Tuesday, Sep 19, 2006



By Andrew Peaple
Of DOW JONES NEWSWIRES

SINGAPORE (Dow Jones)--Kuwait has to find an alternative source of revenue from oil and allow greater private sector involvement in the economy to encourage long-term economic growth, the country's Central Bank Governor said Monday.

"We have to do our best to encourage the private sector to increase their role in the domestic economic activity," Abdul-Aziz Al Saud Al Sabah said in an interview with Dow Jones Newswires. "This mainly could be done by privatization."

Around 95% of Kuwaiti nationals are now employed in the public sector.

Al Sabah said Kuwait's central bank has put forward a plan for privatization of state-owned assets, which was now being considered for approval by the Kuwaiti government.

Al Sabah said it was necessary for Kuwait to have a longer term perspective on its future and deal with what he called "structural imbalances".

"The country must have a plan - we need a very clear vision for the future," central banker said, on the sidelines of the annual meetings of the World Bank and International Monetary Fund. "This is what I always have in my mind, a 25-year plan."

In the shorter term, Al Sabah said the Kuwaiti economy was on course for strong growth this year, despite a sharp correction in regional stock markets earlier this year. He said the Kuwaiti economy had escaped any major impact due to the resilience of the banking sector and central bank monitoring of the situation.

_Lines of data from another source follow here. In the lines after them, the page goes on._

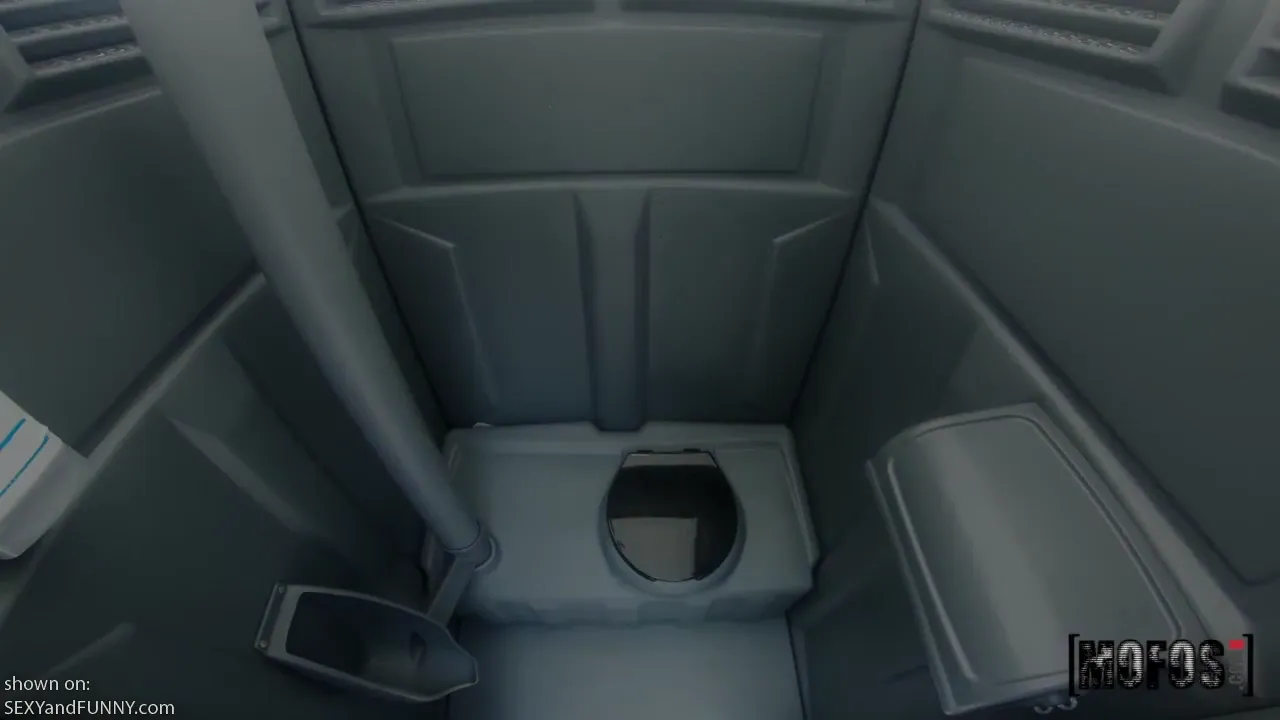 Porta Potty Spy Cam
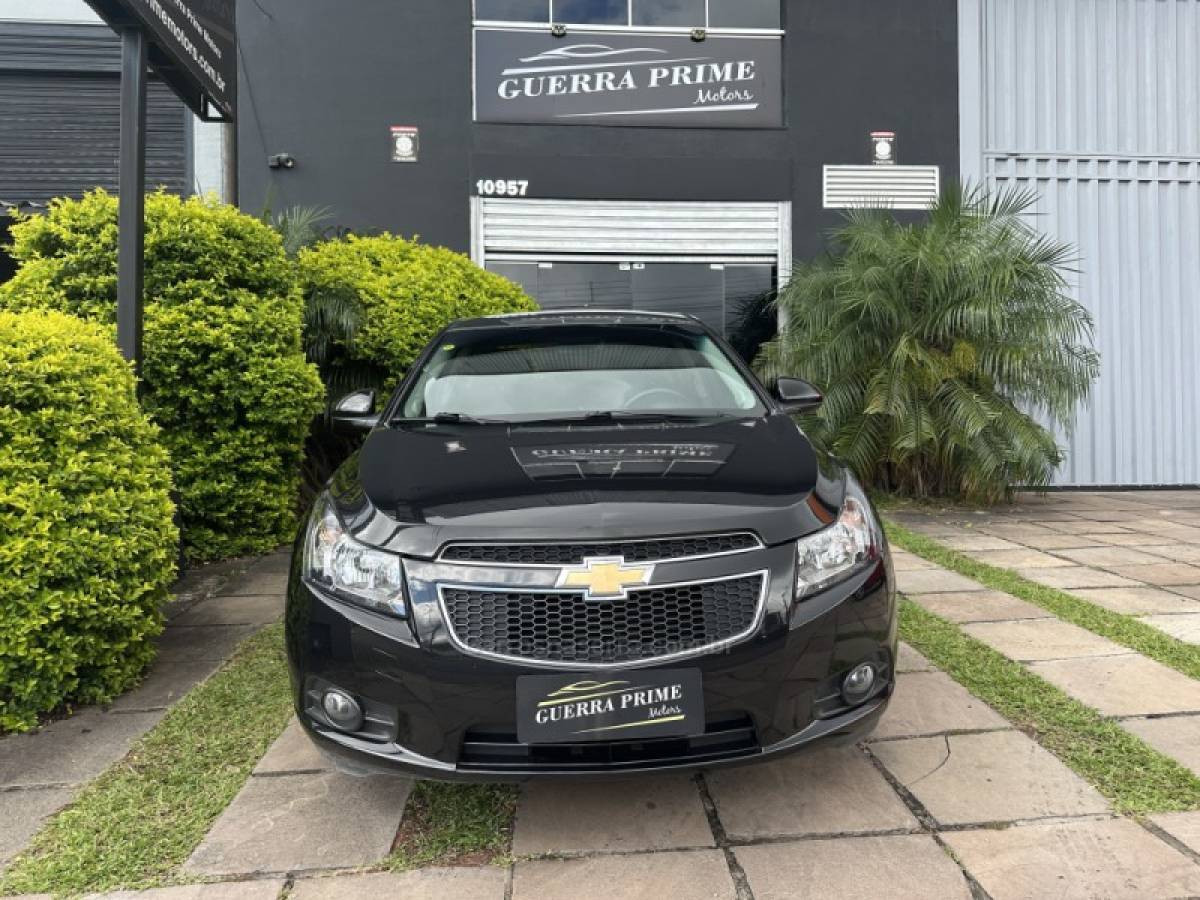 CHEVROLET - CRUZE - 2014/2014 - Preta - R$ 63.900,00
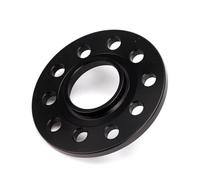 Wheel Spacer For BMW E46/30/36 E90/91/92/93 E81/82/87/88 Z3/E36 Z4/E85/86 2Pieces 3/5/8/12/15/20mm PCD 5x120 72.56mm Wheel Spacer Adapters Wheel Adapters Spacers(2PCS Black 20MM)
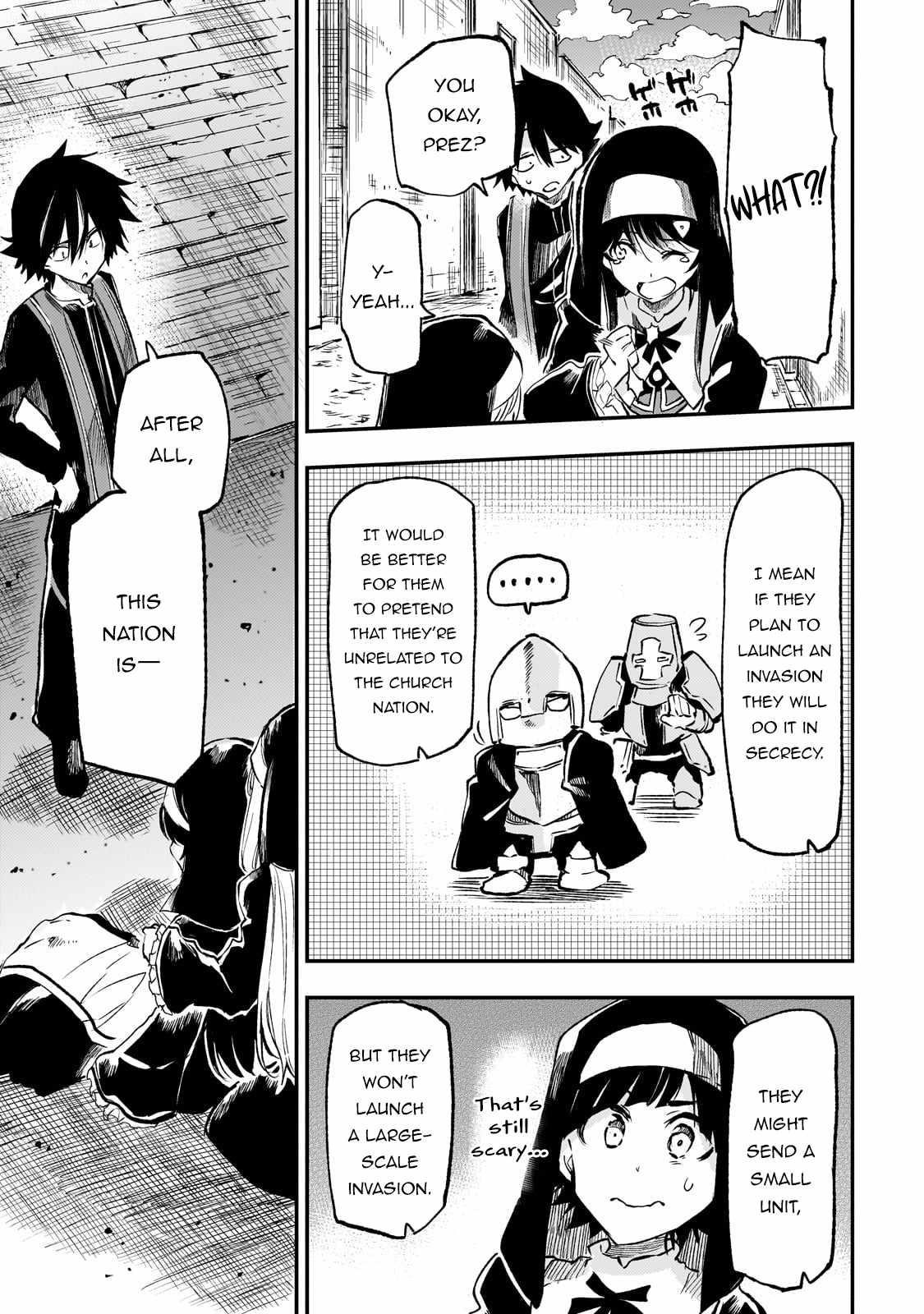 HITORIBOCCHI NO ISEKAI KOURYAKU Chapter 246 - Page 3 in English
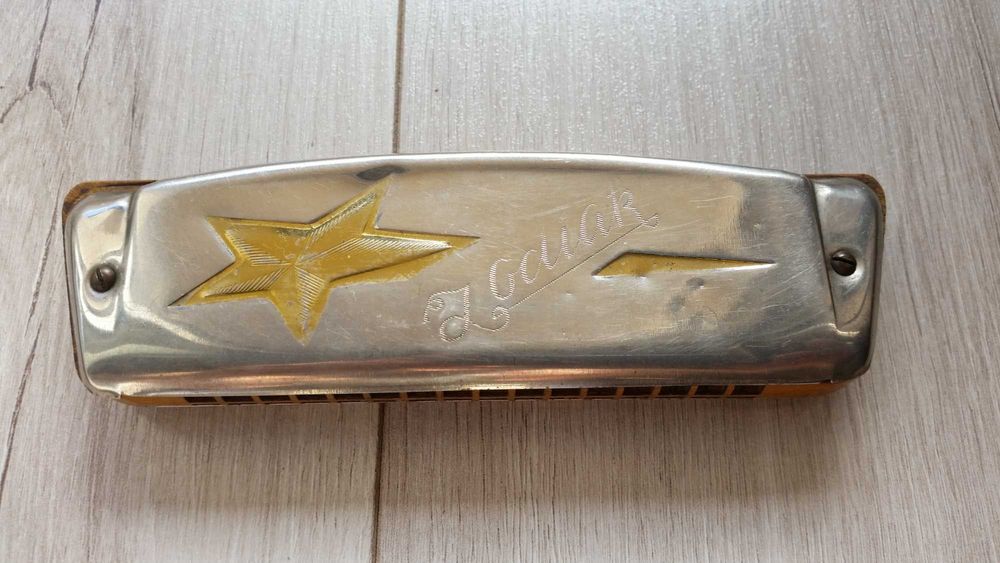 Polska harmonijka ustna Zodiak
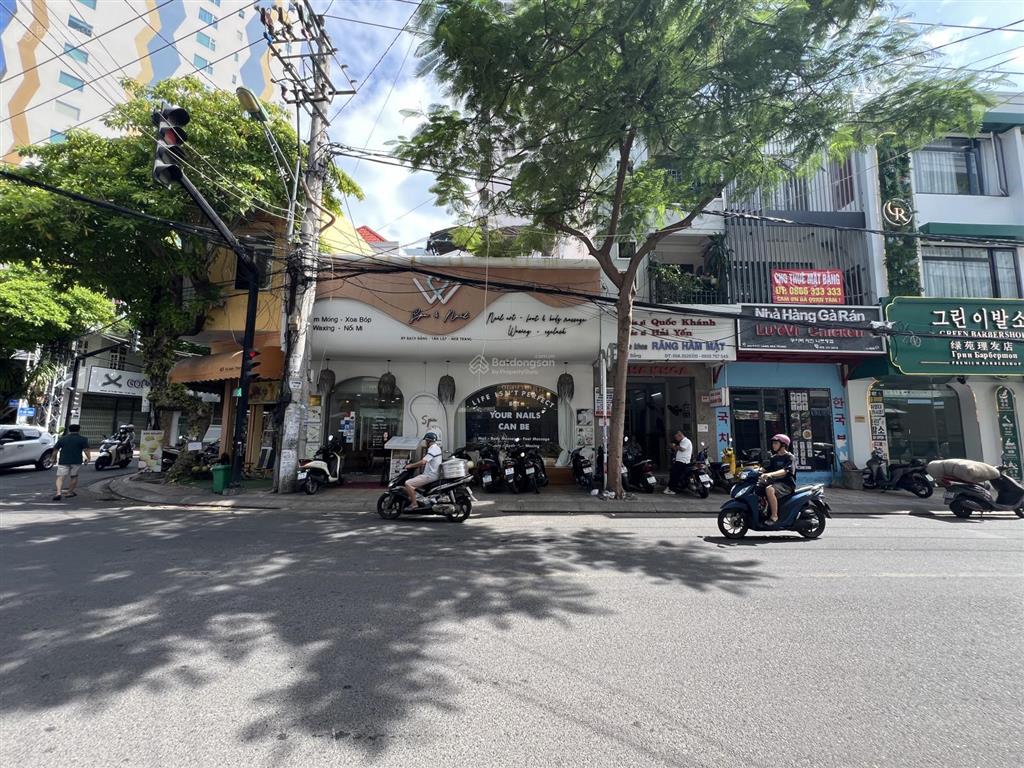 Bán nhà mặt tiền đường bạch đằng  phường nha trang  nha trang
(gần sát ngã 4 bạch đằng  tô hiến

"It is proven that despite the correction, the profits of our banking system went up, so we do not need to worry about our banking system," he said. "It's also had an important psychological impact on traders, who now understand that markets can't always go up."

He added that he expected consumer price inflation to remain under control this year, after spiking up to 4.1% in 2005 from 1.7% the year before.

"So far inflation CPI has gone down this year to 2.2%. We hope we can maintain that level," the central bank head said.

With regards to investment opportunities, Al Sabah said that by reforming and promoting higher growth, some countries could provide a more conducive investment environment for countries such as Kuwait which have built up high levels of foreign currency reserves.

"In order for there to be a kind of attraction to the management and flow of foreign reserves of surplus countries, there must be a counterparty that provides investment opportunities, with performance that can really attract," he said.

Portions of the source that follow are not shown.